ASSIGNMENT: Your output should be everything below from the line containing "Lululemon knit leggings" down to the line containing "마츠에몬호 멀티 컬러 백", both ends included, copied exactly, with pictures left out.

MATERIAL PROVIDED:

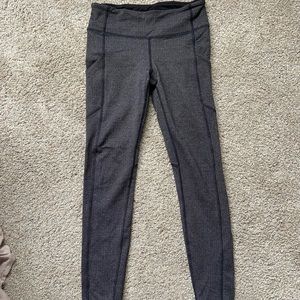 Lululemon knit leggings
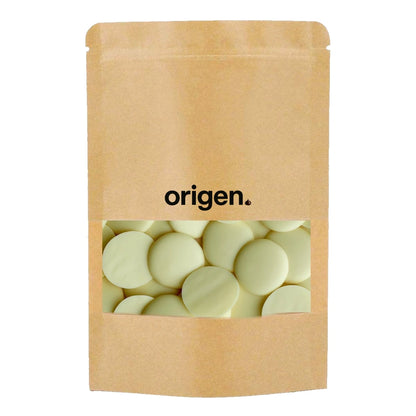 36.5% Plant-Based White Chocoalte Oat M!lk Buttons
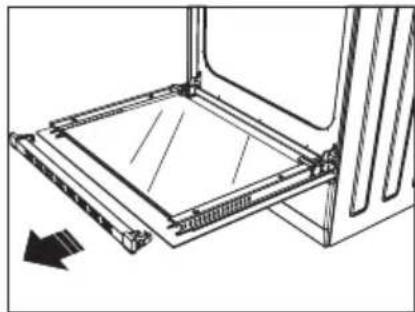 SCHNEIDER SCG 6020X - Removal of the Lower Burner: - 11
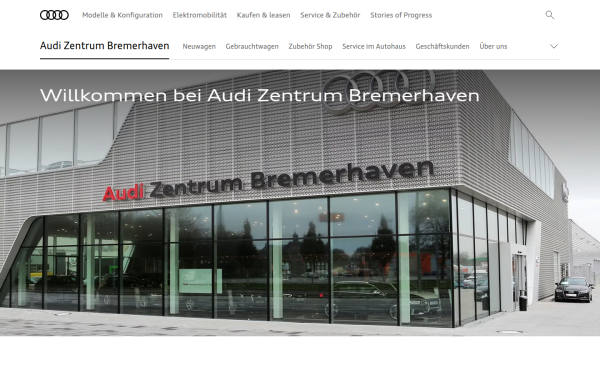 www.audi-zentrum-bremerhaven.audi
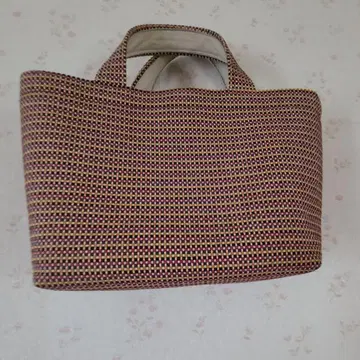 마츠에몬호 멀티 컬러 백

---

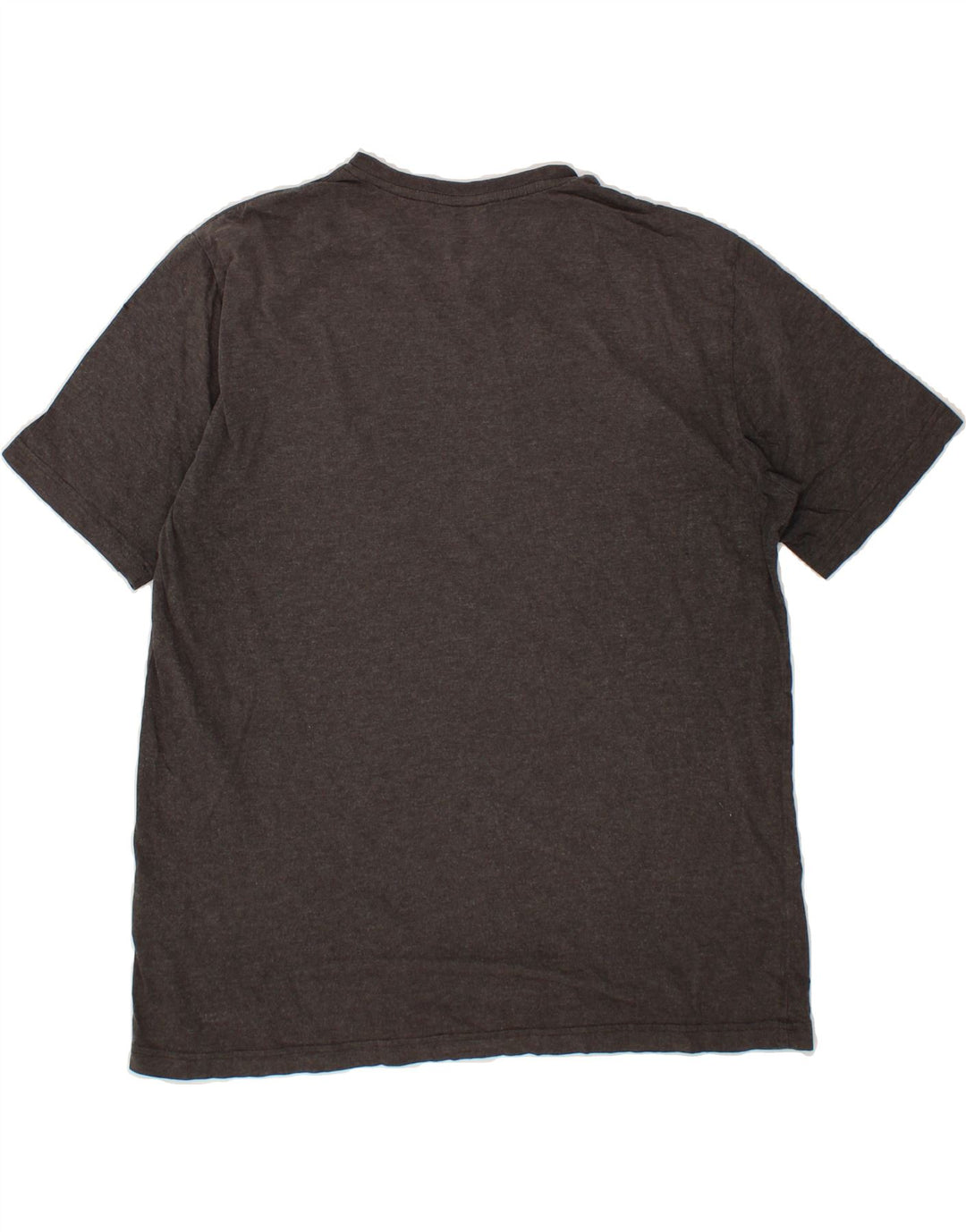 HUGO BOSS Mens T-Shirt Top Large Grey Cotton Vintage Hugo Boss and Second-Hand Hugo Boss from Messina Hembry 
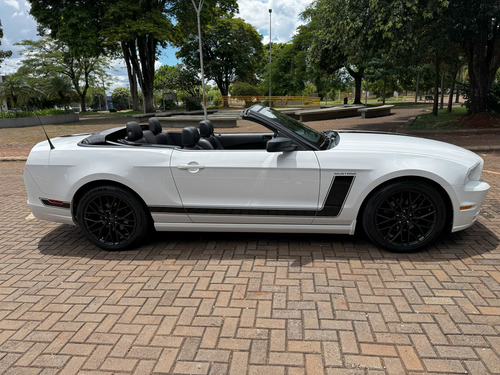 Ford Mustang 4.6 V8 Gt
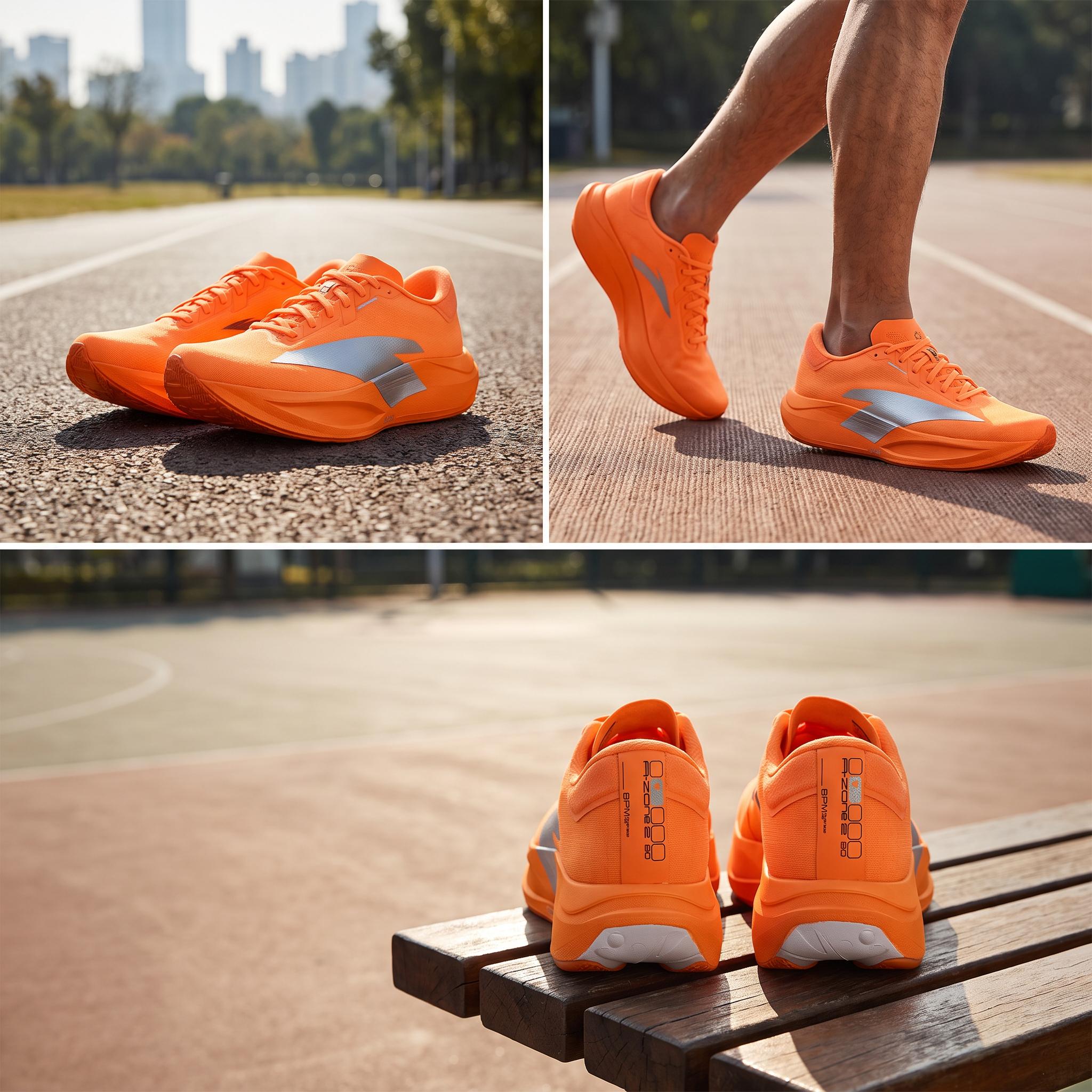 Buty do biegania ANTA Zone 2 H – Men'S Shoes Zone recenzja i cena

WRITTEN SOLUTION:
 Lululemon knit leggings
 36.5% Plant-Based White Chocoalte Oat M!lk Buttons
 SCHNEIDER SCG 6020X - Removal of the Lower Burner: - 11
 www.audi-zentrum-bremerhaven.audi
 마츠에몬호 멀티 컬러 백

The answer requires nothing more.